- YOUR GOAL -
Taking the line that contains "Preciosa habitación en" as the starting point, give again exactly every line up to and including the last line of the records below.

- EXCERPTED RECORDS -
>>>

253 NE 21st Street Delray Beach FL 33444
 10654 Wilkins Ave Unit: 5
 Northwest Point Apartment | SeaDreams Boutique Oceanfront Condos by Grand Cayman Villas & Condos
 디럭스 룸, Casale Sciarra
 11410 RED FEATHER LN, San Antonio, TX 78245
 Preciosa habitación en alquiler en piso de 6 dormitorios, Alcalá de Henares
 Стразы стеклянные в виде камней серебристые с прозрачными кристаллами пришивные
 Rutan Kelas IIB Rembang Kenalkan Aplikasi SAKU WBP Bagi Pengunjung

<<<

- RESULT BELOW -
 Preciosa habitación en alquiler en piso de 6 dormitorios, Alcalá de Henares
 Стразы стеклянные в виде камней серебристые с прозрачными кристаллами пришивные
 Rutan Kelas IIB Rembang Kenalkan Aplikasi SAKU WBP Bagi Pengunjung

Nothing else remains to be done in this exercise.